Mir-Jam

Milica Jakovljević, pen name Mir-Jam, (Serbian Cyrillic: Милица Јаковљевић, Мир-Јам) was Serbian writer.

She was born on 22 April 1887 in Jagodina. She lived in Kragujevac, but moved to Belgrade after World War I. She worked as a journalist for Beogradske Novosti and, later for Nedeljne Ilustracije. During this time she published many love stories and novels under the pseudonym Mir-Jam. Her work are easy-to-read love stories written in very picturesque style, which brings her constant popularity. The value of her work lies in detailed and realistic representation of every day life in Yugoslavia between the World Wars. Because of this, she was nicknamed Serbian Jane Austen.

She was fluent in Russian and French. Although she frequently wrote about marriage, she was never married. She died in Belgrade on 22 December 1952. Mir-Jam was the sister of writer Stevan Jakovljević.

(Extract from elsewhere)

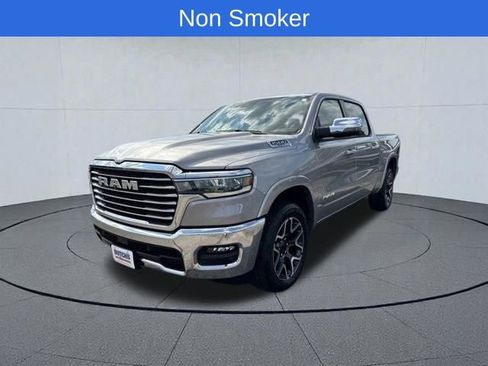Used 2025 RAM 1500 Laramie AWD/4WD image 9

Mir-Jam enjoyed a resurgence of popularity in Serbia when her novel Ranjeni orao (Wounded Eagle) got adapted into a TV series directed by Zdravko Šotra and was broadcast on RTS between 2008 and 2009. Based on the popularity of Ranjeni orao, the shooting of Greh njene majke, another TV adaptation of Mir-Jam's novel, began on June 26, 2009.